Nuit blanche, nuit noire...

Je suppose que ce sont les exercices hebdomadaires de l'Atelier d'écriture, qui déclenchent en moi ce besoin d'écriture. Et comme il est plus facile d'écrire avec le prisme du souvenir, une fois de plus je me penche sur le passé. Souvenirs, souvenirs....

Nuit noire, nuit blanche. Depuis trois heures, je regarde les aiguilles du réveil avancer inexorablement. Je me tourne et me retourne dans le lit, les yeux rougis par le manque de sommeil. Soudain le ronronnement de la chaudière ébranle le silence de la maison. Il est six heures. Je me lève.

Au pied de la chaise où j’ai plié hier soir mes vêtements, se trouve mon cartable. Je l’ouvre. Ma convocation, ma carte d’identité, ma trousse, tout est là. Je vérifie : un crayon, une gomme, un stylo, une règle.

J’avais raison. J’en ai rêvé toute la nuit, cauchemardé plutôt. La mine de mon crayon va se casser et je vais laisser filer la phrase… Vite j’ouvre un tiroir du bureau : un étui à crayons HB, ceux dont la mine glisse sans accroc sur le papier. Je tire un crayon de l’étui, puis un autre, les rajoute dans la trousse. On ne sait jamais.

Moi, je sais. Je sais, que ce matin je vais commencer mes examens de fin d’études par cette épreuve stupide, qui me tourmente depuis des mois. Onze mots perdus, juste une petite phrase, c’est peu, c’est assez pour réduire à néant les efforts de deux années d’étude.

Epreuve éliminatoire, nous a-t-on expliqué en début d’année. ELIMINATOIRE : ce mot a hanté mes nuits et mes jours. Six mois à souffrir, à cauchemarder, à avoir la gorge nouée, la boule au ventre, à regarder impuissante ma main blanchir à chaque exercice, se contracter, se tétaniser autour de ce crayon, cette main qui refuse d’obéir, ce cerveau qui entend les mots qui s’envolent sans pouvoir les enregistrer, dévoré et rongé par cette peur.

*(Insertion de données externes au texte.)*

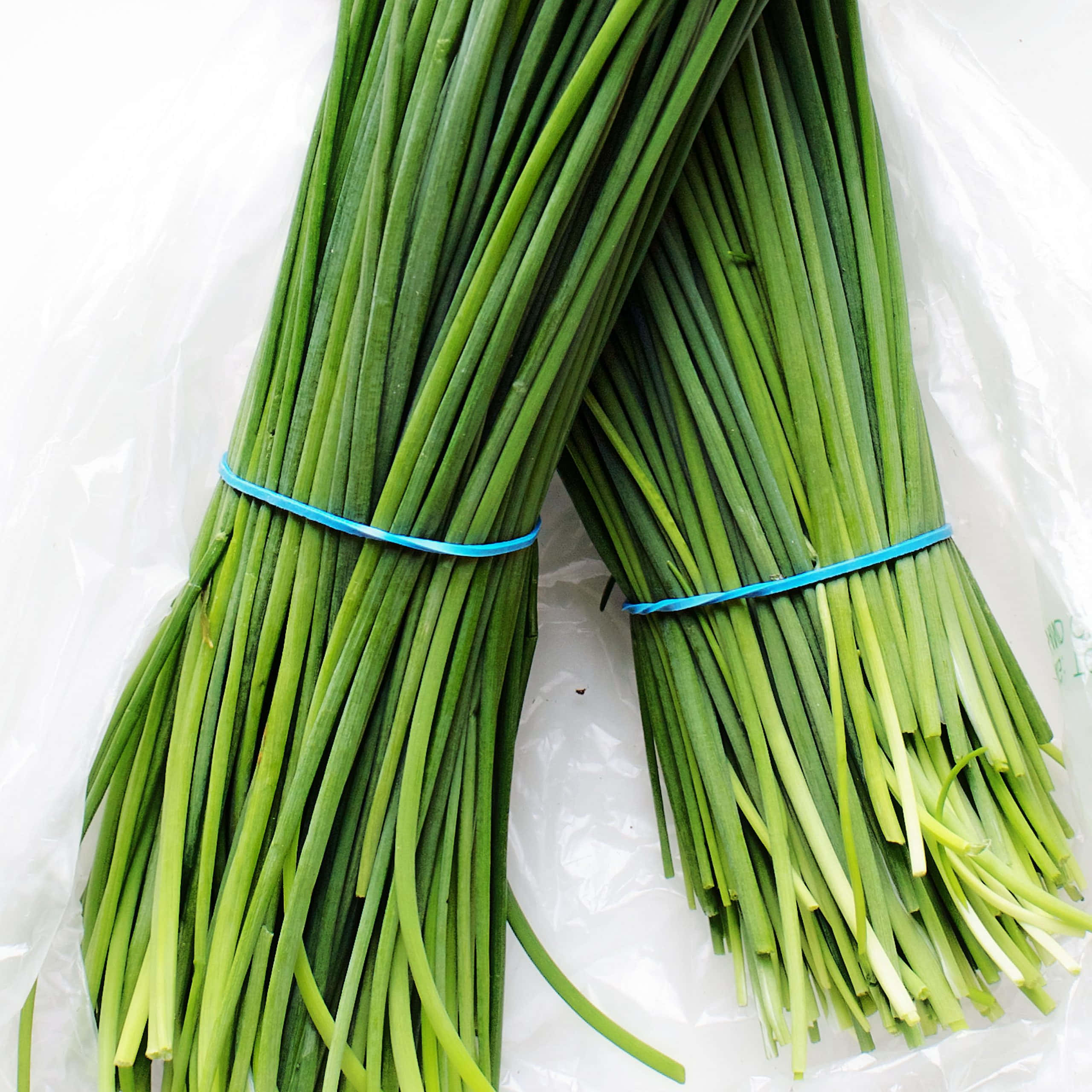 chives, blue rubber bands, crinkled white plastic surface, 2K Desktop Wallpaper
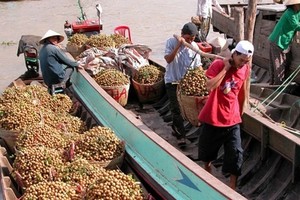 Vegetable and fruit exports were expected to post a growth of 10 percent this year (Photo: vneconomy.vn)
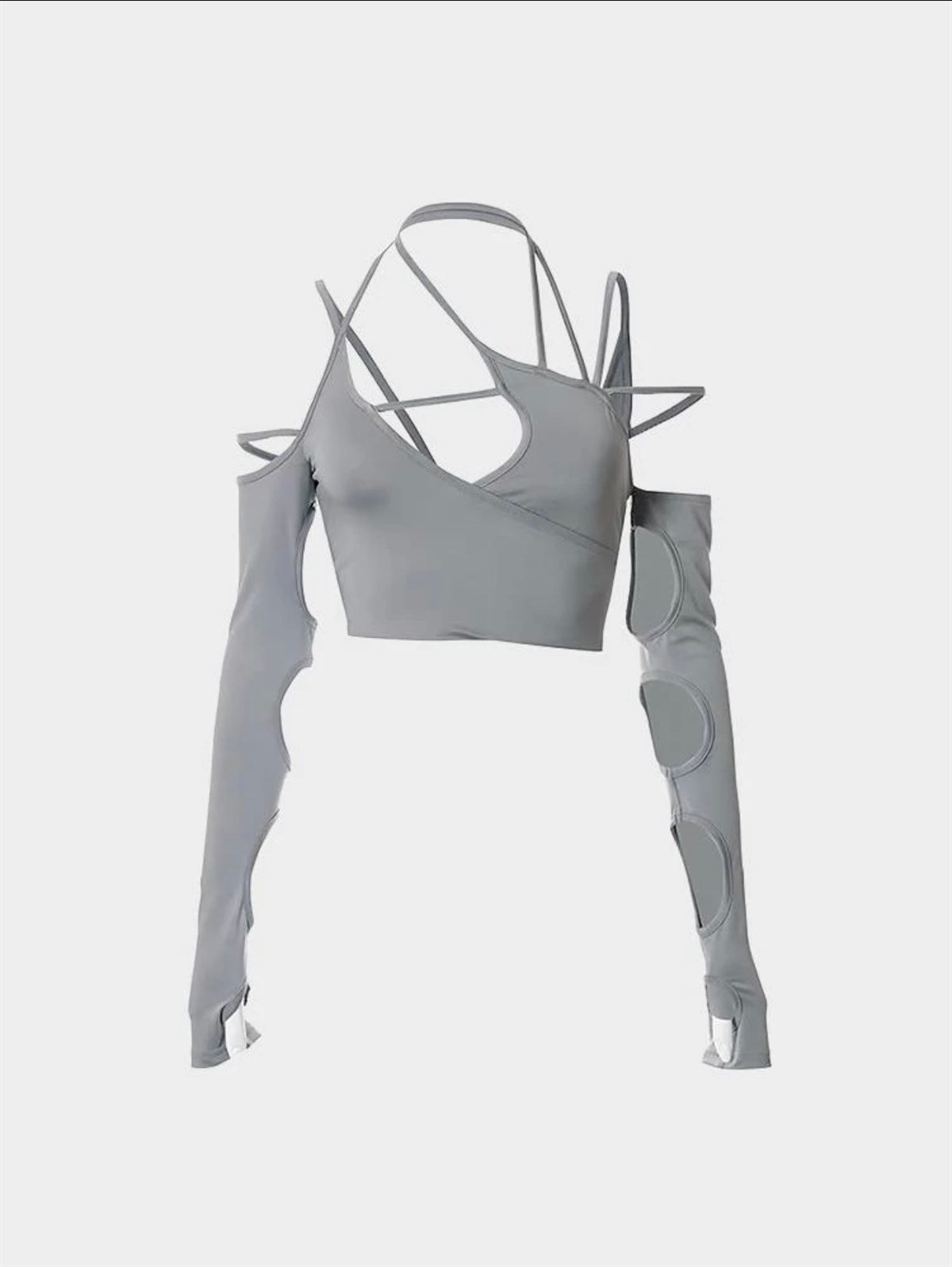 Silverfish Top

Pourtant notre professeur avait planifié l’apprentissage de cette matière sur dix-huit mois. Douze mois pour acquérir la méthode et la vitesse demandée à l’examen et six mois de plus pour acquérir les 10 % de vitesse supplémentaire qui nous donneraient l’aisance et l’assurance lors de l’examen. La première année tout s’était déroulé selon le protocole d’apprentissage de Mme S. A la fin de l'année, les 80 mots/minute étaient maîtrisés.

Puis en début d’année, tout avait dérapé. Ma main se figeait, la mine du crayon se cassait sous la pression désespérée que j’exerçais pour écrire, et de rage le crayon volait contre le mur ou le plafond quand enfin la fin de l’exercice libérait la tension.

Dès le premier incident, Mme S. m’avait prise à part lors d’un intercours. Elle m’avait conté son histoire et comment elle aussi avait rencontré des difficultés lors de l’épreuve technique pour devenir professeur. Il me fallait tout de suite arrêter tous les excitants : thé, café et surtout le jour de l’examen, si la panique arrivait, poser simplement mon crayon pour ne pas gêner mes compagnes d’examen. Il serait temps de pleurer dans le couloir….

Au lycée, huit heures avaient sonné. Mme T., notre professeure principale nous avait passé les dernières consignes avant que nous n’entrions dans la salle d’examen, jetant un œil inquiet à mes yeux rougis.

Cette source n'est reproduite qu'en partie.